> _What is needed_
An exact copy of all entries is required.

___ Dataset excerpts ___

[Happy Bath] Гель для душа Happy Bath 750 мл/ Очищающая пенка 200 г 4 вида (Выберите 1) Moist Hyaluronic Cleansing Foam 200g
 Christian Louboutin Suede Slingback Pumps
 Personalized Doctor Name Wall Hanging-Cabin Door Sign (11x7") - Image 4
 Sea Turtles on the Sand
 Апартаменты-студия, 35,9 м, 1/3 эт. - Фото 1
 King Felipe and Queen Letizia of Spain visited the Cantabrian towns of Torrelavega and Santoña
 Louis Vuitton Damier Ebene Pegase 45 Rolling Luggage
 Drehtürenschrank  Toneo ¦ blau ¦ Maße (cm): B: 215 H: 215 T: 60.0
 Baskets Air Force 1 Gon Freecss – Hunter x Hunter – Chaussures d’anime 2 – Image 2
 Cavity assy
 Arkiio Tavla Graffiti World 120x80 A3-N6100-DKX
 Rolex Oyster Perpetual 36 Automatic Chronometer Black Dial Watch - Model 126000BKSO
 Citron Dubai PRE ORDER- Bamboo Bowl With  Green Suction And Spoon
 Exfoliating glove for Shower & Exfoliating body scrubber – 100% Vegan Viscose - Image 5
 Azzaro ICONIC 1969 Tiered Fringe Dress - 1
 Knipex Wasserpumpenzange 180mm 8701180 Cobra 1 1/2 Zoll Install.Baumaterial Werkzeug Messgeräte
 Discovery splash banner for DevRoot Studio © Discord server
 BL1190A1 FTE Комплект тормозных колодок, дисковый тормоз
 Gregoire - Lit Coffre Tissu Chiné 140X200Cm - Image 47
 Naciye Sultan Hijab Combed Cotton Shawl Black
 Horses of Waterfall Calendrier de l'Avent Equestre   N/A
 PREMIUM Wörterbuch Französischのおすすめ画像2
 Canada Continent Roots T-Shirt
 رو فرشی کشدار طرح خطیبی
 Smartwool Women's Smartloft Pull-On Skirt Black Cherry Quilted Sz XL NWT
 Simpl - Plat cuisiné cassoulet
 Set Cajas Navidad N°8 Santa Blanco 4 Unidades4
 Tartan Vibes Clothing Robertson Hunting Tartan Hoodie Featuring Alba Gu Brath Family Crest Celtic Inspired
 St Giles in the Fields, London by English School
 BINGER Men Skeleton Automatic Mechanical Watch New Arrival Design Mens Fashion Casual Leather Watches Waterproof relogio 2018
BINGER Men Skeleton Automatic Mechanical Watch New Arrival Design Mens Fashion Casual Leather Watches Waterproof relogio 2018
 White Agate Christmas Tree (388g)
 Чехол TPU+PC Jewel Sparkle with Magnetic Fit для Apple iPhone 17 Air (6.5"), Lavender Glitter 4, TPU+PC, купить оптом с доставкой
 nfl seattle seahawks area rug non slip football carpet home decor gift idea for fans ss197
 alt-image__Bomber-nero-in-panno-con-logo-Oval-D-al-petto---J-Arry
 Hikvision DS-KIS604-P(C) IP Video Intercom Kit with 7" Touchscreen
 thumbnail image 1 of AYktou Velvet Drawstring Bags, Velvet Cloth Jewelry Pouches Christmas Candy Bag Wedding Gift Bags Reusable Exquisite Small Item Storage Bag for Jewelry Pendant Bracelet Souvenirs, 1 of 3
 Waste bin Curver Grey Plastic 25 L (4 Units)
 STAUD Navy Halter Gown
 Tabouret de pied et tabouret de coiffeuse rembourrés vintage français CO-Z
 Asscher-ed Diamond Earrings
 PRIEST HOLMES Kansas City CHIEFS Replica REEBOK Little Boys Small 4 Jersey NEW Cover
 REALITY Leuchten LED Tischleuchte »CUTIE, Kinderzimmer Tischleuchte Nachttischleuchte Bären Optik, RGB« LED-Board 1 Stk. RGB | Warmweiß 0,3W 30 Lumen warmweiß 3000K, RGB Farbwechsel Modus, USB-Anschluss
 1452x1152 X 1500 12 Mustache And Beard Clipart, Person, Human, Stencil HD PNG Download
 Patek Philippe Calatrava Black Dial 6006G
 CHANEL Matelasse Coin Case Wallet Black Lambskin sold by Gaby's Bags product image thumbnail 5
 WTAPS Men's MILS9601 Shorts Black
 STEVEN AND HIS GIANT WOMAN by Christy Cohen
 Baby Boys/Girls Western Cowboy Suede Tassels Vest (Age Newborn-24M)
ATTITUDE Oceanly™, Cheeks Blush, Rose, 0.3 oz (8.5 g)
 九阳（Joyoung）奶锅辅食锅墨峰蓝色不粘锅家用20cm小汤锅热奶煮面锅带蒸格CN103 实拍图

___

> _Your response_
[Happy Bath] Гель для душа Happy Bath 750 мл/ Очищающая пенка 200 г 4 вида (Выберите 1) Moist Hyaluronic Cleansing Foam 200g
 Christian Louboutin Suede Slingback Pumps
 Personalized Doctor Name Wall Hanging-Cabin Door Sign (11x7") - Image 4
 Sea Turtles on the Sand
 Апартаменты-студия, 35,9 м, 1/3 эт. - Фото 1
 King Felipe and Queen Letizia of Spain visited the Cantabrian towns of Torrelavega and Santoña
 Louis Vuitton Damier Ebene Pegase 45 Rolling Luggage
 Drehtürenschrank  Toneo ¦ blau ¦ Maße (cm): B: 215 H: 215 T: 60.0
 Baskets Air Force 1 Gon Freecss – Hunter x Hunter – Chaussures d’anime 2 – Image 2
 Cavity assy
 Arkiio Tavla Graffiti World 120x80 A3-N6100-DKX
 Rolex Oyster Perpetual 36 Automatic Chronometer Black Dial Watch - Model 126000BKSO
 Citron Dubai PRE ORDER- Bamboo Bowl With  Green Suction And Spoon
 Exfoliating glove for Shower & Exfoliating body scrubber – 100% Vegan Viscose - Image 5
 Azzaro ICONIC 1969 Tiered Fringe Dress - 1
 Knipex Wasserpumpenzange 180mm 8701180 Cobra 1 1/2 Zoll Install.Baumaterial Werkzeug Messgeräte
 Discovery splash banner for DevRoot Studio © Discord server
 BL1190A1 FTE Комплект тормозных колодок, дисковый тормоз
 Gregoire - Lit Coffre Tissu Chiné 140X200Cm - Image 47
 Naciye Sultan Hijab Combed Cotton Shawl Black
 Horses of Waterfall Calendrier de l'Avent Equestre   N/A
 PREMIUM Wörterbuch Französischのおすすめ画像2
 Canada Continent Roots T-Shirt
 رو فرشی کشدار طرح خطیبی
 Smartwool Women's Smartloft Pull-On Skirt Black Cherry Quilted Sz XL NWT
 Simpl - Plat cuisiné cassoulet
 Set Cajas Navidad N°8 Santa Blanco 4 Unidades4
 Tartan Vibes Clothing Robertson Hunting Tartan Hoodie Featuring Alba Gu Brath Family Crest Celtic Inspired
 St Giles in the Fields, London by English School
 BINGER Men Skeleton Automatic Mechanical Watch New Arrival Design Mens Fashion Casual Leather Watches Waterproof relogio 2018
BINGER Men Skeleton Automatic Mechanical Watch New Arrival Design Mens Fashion Casual Leather Watches Waterproof relogio 2018
 White Agate Christmas Tree (388g)
 Чехол TPU+PC Jewel Sparkle with Magnetic Fit для Apple iPhone 17 Air (6.5"), Lavender Glitter 4, TPU+PC, купить оптом с доставкой
 nfl seattle seahawks area rug non slip football carpet home decor gift idea for fans ss197
 alt-image__Bomber-nero-in-panno-con-logo-Oval-D-al-petto---J-Arry
 Hikvision DS-KIS604-P(C) IP Video Intercom Kit with 7" Touchscreen
 thumbnail image 1 of AYktou Velvet Drawstring Bags, Velvet Cloth Jewelry Pouches Christmas Candy Bag Wedding Gift Bags Reusable Exquisite Small Item Storage Bag for Jewelry Pendant Bracelet Souvenirs, 1 of 3
 Waste bin Curver Grey Plastic 25 L (4 Units)
 STAUD Navy Halter Gown
 Tabouret de pied et tabouret de coiffeuse rembourrés vintage français CO-Z
 Asscher-ed Diamond Earrings
 PRIEST HOLMES Kansas City CHIEFS Replica REEBOK Little Boys Small 4 Jersey NEW Cover
 REALITY Leuchten LED Tischleuchte »CUTIE, Kinderzimmer Tischleuchte Nachttischleuchte Bären Optik, RGB« LED-Board 1 Stk. RGB | Warmweiß 0,3W 30 Lumen warmweiß 3000K, RGB Farbwechsel Modus, USB-Anschluss
 1452x1152 X 1500 12 Mustache And Beard Clipart, Person, Human, Stencil HD PNG Download
 Patek Philippe Calatrava Black Dial 6006G
 CHANEL Matelasse Coin Case Wallet Black Lambskin sold by Gaby's Bags product image thumbnail 5
 WTAPS Men's MILS9601 Shorts Black
 STEVEN AND HIS GIANT WOMAN by Christy Cohen
 Baby Boys/Girls Western Cowboy Suede Tassels Vest (Age Newborn-24M)
ATTITUDE Oceanly™, Cheeks Blush, Rose, 0.3 oz (8.5 g)
 九阳（Joyoung）奶锅辅食锅墨峰蓝色不粘锅家用20cm小汤锅热奶煮面锅带蒸格CN103 实拍图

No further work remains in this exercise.